People are often in the ‘business as usual’ mindset. How can a leader encourage employees to innovate without seeming like they’re dumping extra work onto the existing pile?

It’s important that leaders play to the strengths and passions of their employees. Tasks that are ill-fitted to an individual’s passions are more likely to be deemed as ‘extra work’. It’s also important that leaders clearly spell out how they envision the innovation will benefit the company and provide the necessary incentives to ensure it’s done well.

If innovation is seen as an add-on rather than an essential duty, it will be treated as such. Conversely, a team that understands the value of innovation will consider the time spent on it as valuable.

How should leaders carve out the time and space their team needs to innovate?

This can definitely be tricky. It’s imperative that you take an honest and thorough look at your resources and identify where efficiencies can be made, and where non-important work can be moved. It’s also critical that line managers are informed of any impact innovation could have on deliverables.

The resources you give should be dependent on how important the innovation is to the business, what the potential ROI could be, how long it could take and, of course, the level of internal expertise that already exists. Unfortunately, there are no hard and fast rules to this.

What’s the best way to decide your KPIs and objectives?

Innovation mustn’t be done for the sake of it. There must be clear, actionable and objective reasons or staff will sense the lack of direction and projects will stagnate and die. Identify the areas for improvement as a business and establish the importance of fixing them, then budget accordingly. For example, ask yourself ‘would this improve our ROI, reputation or staff retention?’.

How can you encourage staff to be braver with their ideas?

Through encouragement and incentives. If your feel staff are being too conservative, incentivise them with perks to turn up the dial. Also challenge them to take risks. Fostering healthy competition among staff can mean they find bolder ways to solve problems.

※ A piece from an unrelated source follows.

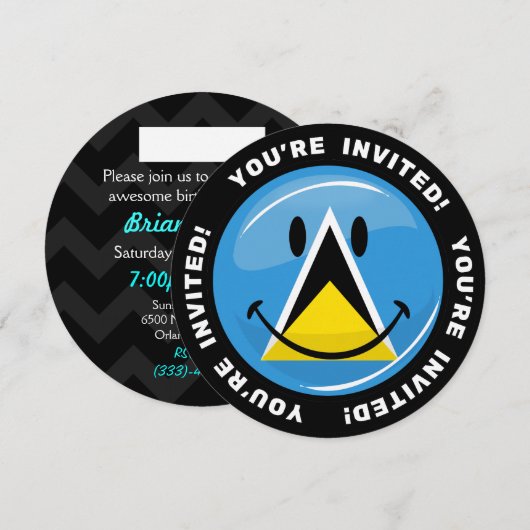 Het glimlachen van de vlag van Saint Lucia Kaart (Voorkant / Achterkant)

Sometimes it might be better to conduct innovation as a group, because of the complexity of what’s at hand and because they can feed off each other’s ideas and bravery. At other times it can be done individually. If you’re looking for individuals, a good innovator is curious, passionate, tenacious, charismatic and thinks laterally; they will be a great communicator and not afraid of rejection.

Some innovations fail. How should you justify the cost to your CEO and the board?

There’s no easy way to do this. Be transparent, honest and explain in detail why the plan couldn’t come to fruition. There’s always a risk of failure and it’s important that the board is aware of this. Innovation should be risky by nature, attempting to neuter innovation to ensure success will usually result in third-rate ideas that won’t have any impact on the organisation.

It’s important to share the same message with staff. Only through transparency will they feel they have the encouragement and support to take risks that may be necessary. You also have to make sure your team aren’t unreasonably blamed for delays or failings – motivation quickly drops when staff feel like they’ve been hung out to dry.

What type of leadership does innovation require?

This can only be achieved with strong, determined and charismatic leaders who aren’t uncomfortable with hearing no. It’s about having leaders whose teams are comfortable pushing back and knowing there won’t be repercussions. It goes back to that mentality of hiring a team that’s smarter than you. But don’t stop there; allow them to challenge you and use the brains you hired.

How can you improve employees’ engagement 
in innovation?

Foster transparency around day-to-day objectives. Put mechanisms in place to communicate updates about projects and deadlines. Give employees access to information around what their co-workers and leaders are working on and how they fit into the puzzle. This type of visibility is an effective unifier – it encourages teamwork, promotes better working relationships and collaboration, and aligns the team toward one goal.

Employees don’t want to simply be a means to an end. They want to know the ‘why’ behind their jobs and how their work contributes to the bigger picture. The key is to clearly indicate the benefit to the company. Provide the individual or group with the tools to complete the task; support them throughout, encourage them, celebrate successes and commiserate failures.